Anita Katz stressed that no statistics cited by the board of elections should be considered definitive at this juncture, and that nothing had changed since the count of in-person votes last week. "It could be two weeks, it could be four weeks," she said. "Nobody knows."
In New York's First Congressional District, an unofficial count of votes cast in person on June 23 or during the early voting period has Perry Gershon, the Democrats' 2018 nominee leading the four-person primary race with 5,166 votes. He lost his previous bid to unseat Representative Lee Zeldin by 4 percentage points.
Nancy Goroff, on leave from her position as chairwoman of Stony Brook University's chemistry department, was close behind Mr. Gershon with 5,002 votes. County Legislator Bridget Fleming was in third place, with 4,062 votes. A fourth candidate, Gregory-John Fischer, had 322 votes. As of Monday, the Board of Elections told the CD-1 candidates, 36,419 absentee ballots had been received from the district. In the end, that figure could be higher.
In the race to challenge Assemblyman Anthony Palumbo in the State's First Senatorial District, Laura Ahearn leads four challengers in the unofficial count of in-person votes with 2,360. The winner and Mr. Palumbo will face off in the general election to succeed State Senator Kenneth B. LaValle, who is retiring.
Counting of around 80,000 absentee ballots countywide that were postmarked no later than June 23 was to begin yesterday. As of Monday, that figure included approximately 70,700 cast in Democratic primaries and around 8,200 cast in the Republican Party's primary in the Second Congressional District, which straddles southwestern Suffolk and a small portion of southeastern Nassau County. Two Republican and two Democratic candidates are vying for their party's nomination in that district, where Representative Peter King is retiring after 14 terms.
The Republican primary election in the Third Congressional District, which extends from northwestern Suffolk across northern Nassau and into northeastern Queens, was canceled. In that district's Democratic primary, Representative Tom Suozzi, the incumbent, has a sizable lead over two challengers in votes cast in person.
"I feel good about the outcome of the election and I am confident that after everything is counted, because I garnered votes from every corner of the district, my lead will stand," Mr. Gershon said in a text message on Tuesday. "What that tells me is that I am the strongest candidate to defeat Lee Zeldin in November."
"What last week's record turnout shows is the energy and excitement that Democrats have going into November," Ms. Goroff said yesterday. "While I'm confident that after all the primary votes are counted, I will be the Democratic nominee, I'm even more confident that regardless, voters in November will vote out Lee Zeldin, who has ignored facts and science throughout his career."

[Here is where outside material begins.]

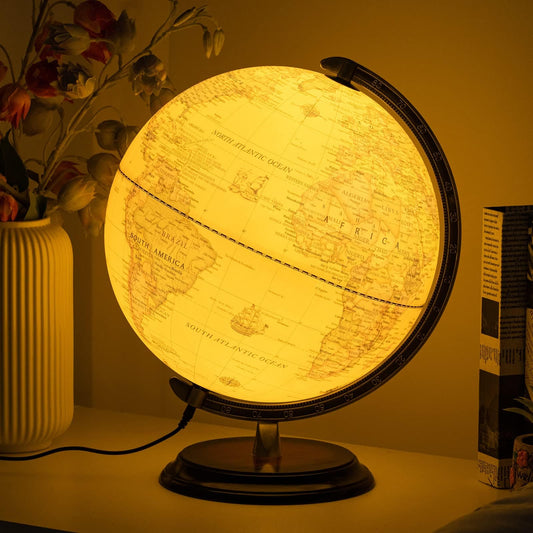 12'' Retro Illuminated World Globe with Wooden Stand, 2-1 Educ & Décor Antique Night Light up Globe Built in LED & HD Printed Map, Antique Illuminated Globe for Adults & Kids, Home Décor, Off - WoodArtSupply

Ms. Fleming said in an email on Tuesday that "We are watching the count closely to make sure every vote is counted and we are cautiously optimistic. The margin among all candidates is a small fraction of the ballots left to count. We're confident that my message has resonated with voters across the district who want to elect a candidate with a proven record of service to the district who will prosecute the case against Lee Zeldin."
Both Mr. Gershon and Ms. Fleming were harshly critical of the incumbent, a staunch supporter of President Trump who is seeking a fourth term. Mr. Gershon referred to recent reports that Mr. Trump has known for months that a Russian military intelligence unit offered bounties to Taliban-linked militants for killing American and other coalition soldiers in Afghanistan, and done nothing.
"That Zeldin has yet to stand up for our troops -- saying nothing against Russia for offering a bounty to assassinate U.S. soldiers -- is a perfect example of why he has to go," he wrote. "I'm the guy who will fight for what's right in Congress, not stay silent until I get my talking points from the White House."
"Voters across Suffolk County are sick and tired of a congressman who cares more about the president's adoration than he does about their real life priorities," Ms. Fleming said. "And they deserve more. That's why I entered this race and it's the message I'll bring to voters in the fall."